Ok Shelleyk- I think both of us vacillated on whether to stay in one or both places. Having stayed in both, I am still not sure..

Firstly we loved Morelia. One our first day, my wife said "I could live here" . To be fair though, it’s not the first time she has said that!

Morelia is big but it doesn’t seem like it. The Centro Historico is fairly compact. Again a stunning cathedral and two main plazas all alight with Xmas lights.
We managed to score some tickets to a Tango show at the main theatre. It was excellent! As good as any tango we have seen in Buenos Aires (and miles cheaper). Again some decent eating places including the best tacos/ gorditas we have had In Mexico. One or two disappointments though. Always happens when we succumb to the temptation of a touristy place. Markets, street stalls and small back street restaurants are the way to go in Mexico IMHO.

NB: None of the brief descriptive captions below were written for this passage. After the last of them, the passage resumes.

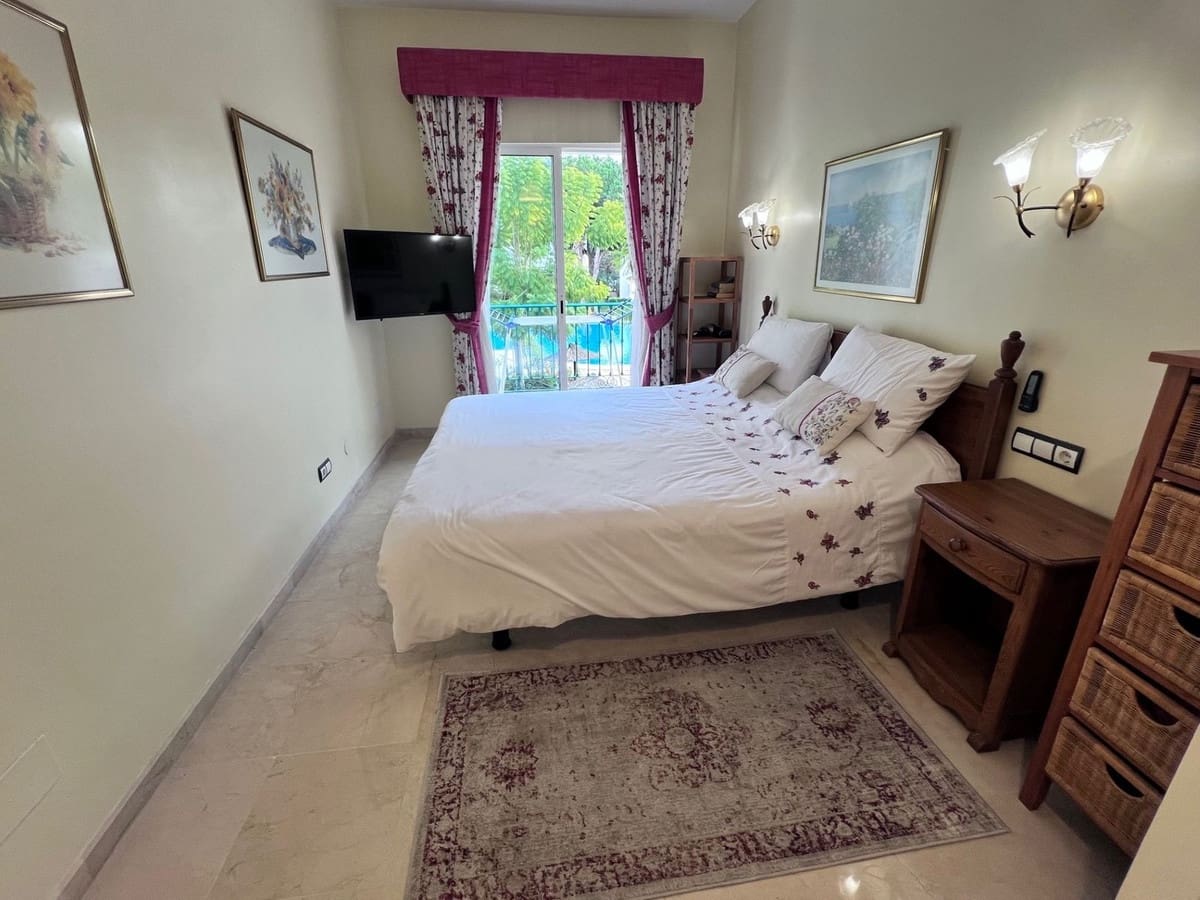 3 sypialnia Penthouse na sprzedaż w Carib Playa z basenem garażem - 649 000 € (Ref: 9608230)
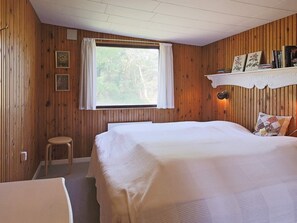 2 bedrooms, cribs/infant beds - 8 Person Holiday Home in Nykobing Sj (Nykobing Sjaelland)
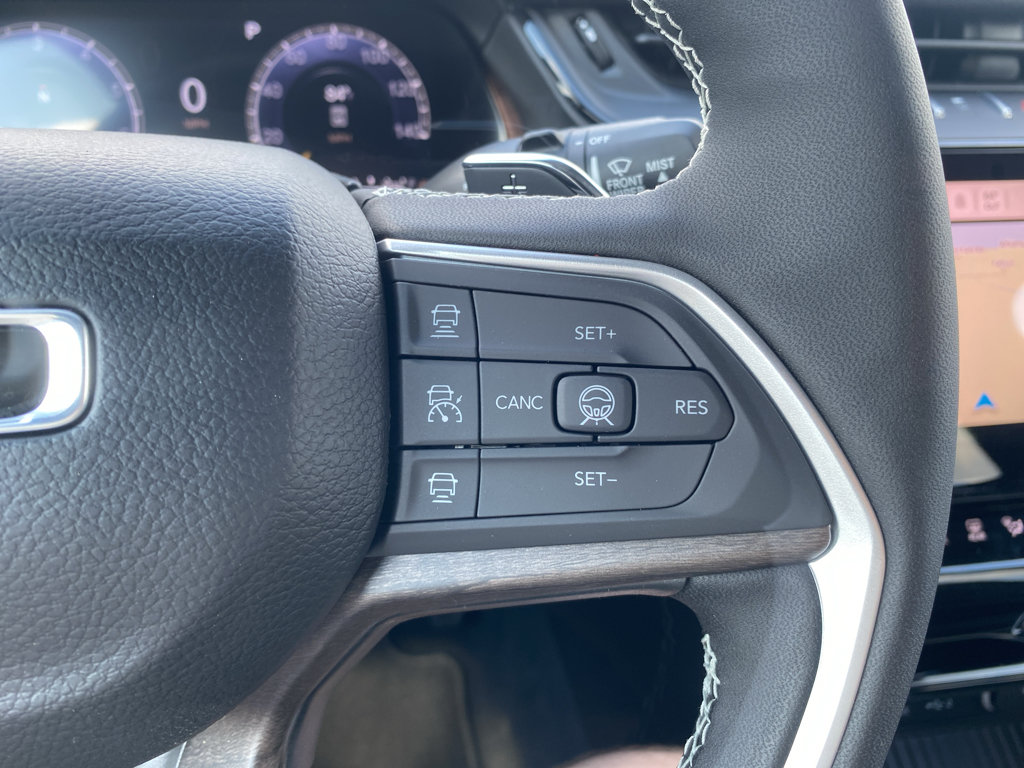 New 2027 Jeep Grand Cherokee Altitude AWD/4WD image 22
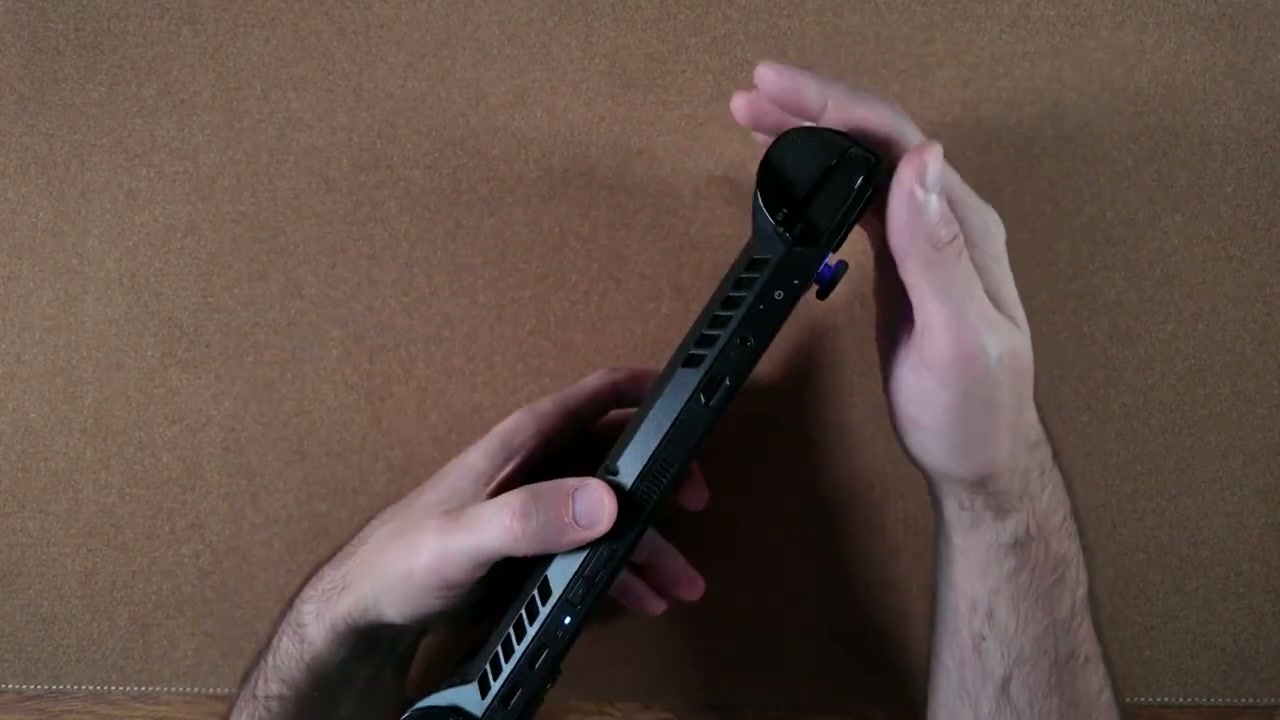 Schultertasten und Lüftungsschlitze des ASUS ROG Ally X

The place we stayed at was very good ( the name escapes me at the moment ) was very good. They offered lots of reasonably priced day tours around the region. There were also agencies around the town’s offering tours (These were just not available in Pátzcuaro Shelleyk.)

Hiring a taxi for the day is an option. The going rate seemed to be 150-200 pesos per hour.

PÁTZCUARO

A smaller town than Morelia, at times it seemed more like a large village. We stayed right on the main plaza at Mansion de Iturbe. A beautiful hotel,very atmospheric and great staff. Walk out the door and you are in one of teh most beautiful plazas in Mexico.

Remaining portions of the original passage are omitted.